# What is needed
Please output the data exactly, without omitting anything.

Records from a collection:
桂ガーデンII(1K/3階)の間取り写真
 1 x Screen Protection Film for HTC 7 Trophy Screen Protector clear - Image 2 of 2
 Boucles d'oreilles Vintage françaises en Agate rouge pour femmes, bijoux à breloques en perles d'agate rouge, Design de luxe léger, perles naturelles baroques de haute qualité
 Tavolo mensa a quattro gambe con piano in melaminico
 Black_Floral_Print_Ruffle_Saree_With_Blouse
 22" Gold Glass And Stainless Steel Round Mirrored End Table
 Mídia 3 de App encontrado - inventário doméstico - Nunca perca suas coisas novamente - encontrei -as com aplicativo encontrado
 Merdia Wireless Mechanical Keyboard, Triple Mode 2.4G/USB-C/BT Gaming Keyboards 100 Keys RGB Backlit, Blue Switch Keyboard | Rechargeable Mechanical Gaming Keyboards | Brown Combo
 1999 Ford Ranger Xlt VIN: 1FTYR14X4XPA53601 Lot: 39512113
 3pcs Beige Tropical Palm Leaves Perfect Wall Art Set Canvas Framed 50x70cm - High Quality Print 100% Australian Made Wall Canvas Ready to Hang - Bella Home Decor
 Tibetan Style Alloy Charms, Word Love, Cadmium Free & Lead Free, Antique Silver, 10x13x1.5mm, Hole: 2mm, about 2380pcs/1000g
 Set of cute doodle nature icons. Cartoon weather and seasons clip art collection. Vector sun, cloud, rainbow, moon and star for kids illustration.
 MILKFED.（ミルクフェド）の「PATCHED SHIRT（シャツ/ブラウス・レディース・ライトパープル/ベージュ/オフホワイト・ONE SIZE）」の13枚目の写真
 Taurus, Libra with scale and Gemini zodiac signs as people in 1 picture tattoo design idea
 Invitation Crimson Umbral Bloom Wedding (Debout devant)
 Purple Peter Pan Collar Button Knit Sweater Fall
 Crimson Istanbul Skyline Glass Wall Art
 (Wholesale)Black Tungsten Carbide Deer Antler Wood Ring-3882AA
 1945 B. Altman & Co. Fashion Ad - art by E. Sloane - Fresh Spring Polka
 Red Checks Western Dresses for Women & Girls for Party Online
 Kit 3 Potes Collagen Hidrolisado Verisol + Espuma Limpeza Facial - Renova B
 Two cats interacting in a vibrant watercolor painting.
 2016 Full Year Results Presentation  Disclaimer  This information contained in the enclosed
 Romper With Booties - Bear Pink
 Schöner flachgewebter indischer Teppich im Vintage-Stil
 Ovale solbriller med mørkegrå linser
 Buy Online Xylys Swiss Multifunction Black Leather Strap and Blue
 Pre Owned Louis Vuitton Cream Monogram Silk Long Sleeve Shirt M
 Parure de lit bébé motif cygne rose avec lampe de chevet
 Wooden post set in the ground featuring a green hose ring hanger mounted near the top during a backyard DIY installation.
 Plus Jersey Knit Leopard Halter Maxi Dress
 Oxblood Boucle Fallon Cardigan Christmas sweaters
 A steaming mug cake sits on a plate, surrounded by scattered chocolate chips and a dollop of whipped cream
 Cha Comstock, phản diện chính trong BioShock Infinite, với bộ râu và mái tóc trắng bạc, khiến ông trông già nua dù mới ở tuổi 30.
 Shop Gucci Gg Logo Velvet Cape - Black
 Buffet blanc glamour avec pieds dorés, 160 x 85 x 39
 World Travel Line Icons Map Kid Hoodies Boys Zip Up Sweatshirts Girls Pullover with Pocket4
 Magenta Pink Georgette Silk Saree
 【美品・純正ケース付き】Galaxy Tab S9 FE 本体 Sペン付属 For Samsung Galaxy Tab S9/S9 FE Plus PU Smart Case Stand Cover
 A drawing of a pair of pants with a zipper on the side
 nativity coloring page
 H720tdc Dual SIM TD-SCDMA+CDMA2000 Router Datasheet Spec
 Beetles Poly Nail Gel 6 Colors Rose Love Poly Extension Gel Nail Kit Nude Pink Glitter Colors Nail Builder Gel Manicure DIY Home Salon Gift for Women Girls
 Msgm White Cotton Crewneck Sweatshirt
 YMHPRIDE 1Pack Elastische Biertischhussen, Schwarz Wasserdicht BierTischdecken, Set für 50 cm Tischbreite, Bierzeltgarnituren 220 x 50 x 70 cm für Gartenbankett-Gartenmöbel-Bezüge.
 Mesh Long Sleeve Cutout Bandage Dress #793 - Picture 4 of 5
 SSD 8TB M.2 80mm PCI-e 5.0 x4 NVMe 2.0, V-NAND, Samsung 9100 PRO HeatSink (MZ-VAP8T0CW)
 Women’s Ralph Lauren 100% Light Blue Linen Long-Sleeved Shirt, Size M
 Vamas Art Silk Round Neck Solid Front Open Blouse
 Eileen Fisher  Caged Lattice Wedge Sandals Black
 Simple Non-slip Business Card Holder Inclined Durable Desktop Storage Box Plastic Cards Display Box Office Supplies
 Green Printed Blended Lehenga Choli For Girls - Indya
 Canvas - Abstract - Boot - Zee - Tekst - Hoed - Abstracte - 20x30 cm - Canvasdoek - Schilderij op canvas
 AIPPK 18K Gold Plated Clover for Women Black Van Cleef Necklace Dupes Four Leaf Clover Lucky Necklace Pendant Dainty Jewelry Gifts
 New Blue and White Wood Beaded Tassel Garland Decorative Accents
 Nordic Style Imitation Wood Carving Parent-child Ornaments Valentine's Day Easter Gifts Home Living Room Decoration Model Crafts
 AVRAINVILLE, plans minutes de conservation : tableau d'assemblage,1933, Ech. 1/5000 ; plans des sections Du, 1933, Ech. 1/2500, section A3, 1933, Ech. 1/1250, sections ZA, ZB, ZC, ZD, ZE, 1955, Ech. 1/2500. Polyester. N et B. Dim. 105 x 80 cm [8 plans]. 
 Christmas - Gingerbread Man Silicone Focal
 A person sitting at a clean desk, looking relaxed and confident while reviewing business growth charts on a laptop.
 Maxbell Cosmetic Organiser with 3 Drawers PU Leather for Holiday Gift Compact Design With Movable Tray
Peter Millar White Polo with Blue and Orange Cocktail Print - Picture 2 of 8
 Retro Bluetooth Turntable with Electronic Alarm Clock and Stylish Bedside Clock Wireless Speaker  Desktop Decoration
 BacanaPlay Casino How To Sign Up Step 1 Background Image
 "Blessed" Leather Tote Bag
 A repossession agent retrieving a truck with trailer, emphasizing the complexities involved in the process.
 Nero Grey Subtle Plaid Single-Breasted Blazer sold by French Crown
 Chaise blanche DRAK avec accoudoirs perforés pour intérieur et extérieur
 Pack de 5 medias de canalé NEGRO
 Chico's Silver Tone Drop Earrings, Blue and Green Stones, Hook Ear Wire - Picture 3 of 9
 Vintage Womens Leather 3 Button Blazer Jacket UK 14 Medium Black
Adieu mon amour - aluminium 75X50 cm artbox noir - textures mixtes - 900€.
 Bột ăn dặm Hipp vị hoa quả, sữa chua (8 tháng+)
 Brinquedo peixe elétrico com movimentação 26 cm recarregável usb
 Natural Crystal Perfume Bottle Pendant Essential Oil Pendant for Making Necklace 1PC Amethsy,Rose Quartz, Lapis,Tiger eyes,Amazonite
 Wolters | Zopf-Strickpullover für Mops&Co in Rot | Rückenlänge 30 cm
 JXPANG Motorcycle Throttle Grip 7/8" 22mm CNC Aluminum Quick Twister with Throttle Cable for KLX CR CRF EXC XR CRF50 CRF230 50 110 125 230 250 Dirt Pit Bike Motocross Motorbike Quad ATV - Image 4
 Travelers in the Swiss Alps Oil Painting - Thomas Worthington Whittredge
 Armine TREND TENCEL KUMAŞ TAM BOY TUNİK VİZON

# Response box
桂ガーデンII(1K/3階)の間取り写真
 1 x Screen Protection Film for HTC 7 Trophy Screen Protector clear - Image 2 of 2
 Boucles d'oreilles Vintage françaises en Agate rouge pour femmes, bijoux à breloques en perles d'agate rouge, Design de luxe léger, perles naturelles baroques de haute qualité
 Tavolo mensa a quattro gambe con piano in melaminico
 Black_Floral_Print_Ruffle_Saree_With_Blouse
 22" Gold Glass And Stainless Steel Round Mirrored End Table
 Mídia 3 de App encontrado - inventário doméstico - Nunca perca suas coisas novamente - encontrei -as com aplicativo encontrado
 Merdia Wireless Mechanical Keyboard, Triple Mode 2.4G/USB-C/BT Gaming Keyboards 100 Keys RGB Backlit, Blue Switch Keyboard | Rechargeable Mechanical Gaming Keyboards | Brown Combo
 1999 Ford Ranger Xlt VIN: 1FTYR14X4XPA53601 Lot: 39512113
 3pcs Beige Tropical Palm Leaves Perfect Wall Art Set Canvas Framed 50x70cm - High Quality Print 100% Australian Made Wall Canvas Ready to Hang - Bella Home Decor
 Tibetan Style Alloy Charms, Word Love, Cadmium Free & Lead Free, Antique Silver, 10x13x1.5mm, Hole: 2mm, about 2380pcs/1000g
 Set of cute doodle nature icons. Cartoon weather and seasons clip art collection. Vector sun, cloud, rainbow, moon and star for kids illustration.
 MILKFED.（ミルクフェド）の「PATCHED SHIRT（シャツ/ブラウス・レディース・ライトパープル/ベージュ/オフホワイト・ONE SIZE）」の13枚目の写真
 Taurus, Libra with scale and Gemini zodiac signs as people in 1 picture tattoo design idea
 Invitation Crimson Umbral Bloom Wedding (Debout devant)
 Purple Peter Pan Collar Button Knit Sweater Fall
 Crimson Istanbul Skyline Glass Wall Art
 (Wholesale)Black Tungsten Carbide Deer Antler Wood Ring-3882AA
 1945 B. Altman & Co. Fashion Ad - art by E. Sloane - Fresh Spring Polka
 Red Checks Western Dresses for Women & Girls for Party Online
 Kit 3 Potes Collagen Hidrolisado Verisol + Espuma Limpeza Facial - Renova B
 Two cats interacting in a vibrant watercolor painting.
 2016 Full Year Results Presentation  Disclaimer  This information contained in the enclosed
 Romper With Booties - Bear Pink
 Schöner flachgewebter indischer Teppich im Vintage-Stil
 Ovale solbriller med mørkegrå linser
 Buy Online Xylys Swiss Multifunction Black Leather Strap and Blue
 Pre Owned Louis Vuitton Cream Monogram Silk Long Sleeve Shirt M
 Parure de lit bébé motif cygne rose avec lampe de chevet
 Wooden post set in the ground featuring a green hose ring hanger mounted near the top during a backyard DIY installation.
 Plus Jersey Knit Leopard Halter Maxi Dress
 Oxblood Boucle Fallon Cardigan Christmas sweaters
 A steaming mug cake sits on a plate, surrounded by scattered chocolate chips and a dollop of whipped cream
 Cha Comstock, phản diện chính trong BioShock Infinite, với bộ râu và mái tóc trắng bạc, khiến ông trông già nua dù mới ở tuổi 30.
 Shop Gucci Gg Logo Velvet Cape - Black
 Buffet blanc glamour avec pieds dorés, 160 x 85 x 39
 World Travel Line Icons Map Kid Hoodies Boys Zip Up Sweatshirts Girls Pullover with Pocket4
 Magenta Pink Georgette Silk Saree
 【美品・純正ケース付き】Galaxy Tab S9 FE 本体 Sペン付属 For Samsung Galaxy Tab S9/S9 FE Plus PU Smart Case Stand Cover
 A drawing of a pair of pants with a zipper on the side
 nativity coloring page
 H720tdc Dual SIM TD-SCDMA+CDMA2000 Router Datasheet Spec
 Beetles Poly Nail Gel 6 Colors Rose Love Poly Extension Gel Nail Kit Nude Pink Glitter Colors Nail Builder Gel Manicure DIY Home Salon Gift for Women Girls
 Msgm White Cotton Crewneck Sweatshirt
 YMHPRIDE 1Pack Elastische Biertischhussen, Schwarz Wasserdicht BierTischdecken, Set für 50 cm Tischbreite, Bierzeltgarnituren 220 x 50 x 70 cm für Gartenbankett-Gartenmöbel-Bezüge.
 Mesh Long Sleeve Cutout Bandage Dress #793 - Picture 4 of 5
 SSD 8TB M.2 80mm PCI-e 5.0 x4 NVMe 2.0, V-NAND, Samsung 9100 PRO HeatSink (MZ-VAP8T0CW)
 Women’s Ralph Lauren 100% Light Blue Linen Long-Sleeved Shirt, Size M
 Vamas Art Silk Round Neck Solid Front Open Blouse
 Eileen Fisher  Caged Lattice Wedge Sandals Black
 Simple Non-slip Business Card Holder Inclined Durable Desktop Storage Box Plastic Cards Display Box Office Supplies
 Green Printed Blended Lehenga Choli For Girls - Indya
 Canvas - Abstract - Boot - Zee - Tekst - Hoed - Abstracte - 20x30 cm - Canvasdoek - Schilderij op canvas
 AIPPK 18K Gold Plated Clover for Women Black Van Cleef Necklace Dupes Four Leaf Clover Lucky Necklace Pendant Dainty Jewelry Gifts
 New Blue and White Wood Beaded Tassel Garland Decorative Accents
 Nordic Style Imitation Wood Carving Parent-child Ornaments Valentine's Day Easter Gifts Home Living Room Decoration Model Crafts
 AVRAINVILLE, plans minutes de conservation : tableau d'assemblage,1933, Ech. 1/5000 ; plans des sections Du, 1933, Ech. 1/2500, section A3, 1933, Ech. 1/1250, sections ZA, ZB, ZC, ZD, ZE, 1955, Ech. 1/2500. Polyester. N et B. Dim. 105 x 80 cm [8 plans]. 
 Christmas - Gingerbread Man Silicone Focal
 A person sitting at a clean desk, looking relaxed and confident while reviewing business growth charts on a laptop.
 Maxbell Cosmetic Organiser with 3 Drawers PU Leather for Holiday Gift Compact Design With Movable Tray
Peter Millar White Polo with Blue and Orange Cocktail Print - Picture 2 of 8
 Retro Bluetooth Turntable with Electronic Alarm Clock and Stylish Bedside Clock Wireless Speaker  Desktop Decoration
 BacanaPlay Casino How To Sign Up Step 1 Background Image
 "Blessed" Leather Tote Bag
 A repossession agent retrieving a truck with trailer, emphasizing the complexities involved in the process.
 Nero Grey Subtle Plaid Single-Breasted Blazer sold by French Crown
 Chaise blanche DRAK avec accoudoirs perforés pour intérieur et extérieur
 Pack de 5 medias de canalé NEGRO
 Chico's Silver Tone Drop Earrings, Blue and Green Stones, Hook Ear Wire - Picture 3 of 9
 Vintage Womens Leather 3 Button Blazer Jacket UK 14 Medium Black
Adieu mon amour - aluminium 75X50 cm artbox noir - textures mixtes - 900€.
 Bột ăn dặm Hipp vị hoa quả, sữa chua (8 tháng+)
 Brinquedo peixe elétrico com movimentação 26 cm recarregável usb
 Natural Crystal Perfume Bottle Pendant Essential Oil Pendant for Making Necklace 1PC Amethsy,Rose Quartz, Lapis,Tiger eyes,Amazonite
 Wolters | Zopf-Strickpullover für Mops&Co in Rot | Rückenlänge 30 cm
 JXPANG Motorcycle Throttle Grip 7/8" 22mm CNC Aluminum Quick Twister with Throttle Cable for KLX CR CRF EXC XR CRF50 CRF230 50 110 125 230 250 Dirt Pit Bike Motocross Motorbike Quad ATV - Image 4
 Travelers in the Swiss Alps Oil Painting - Thomas Worthington Whittredge
 Armine TREND TENCEL KUMAŞ TAM BOY TUNİK VİZON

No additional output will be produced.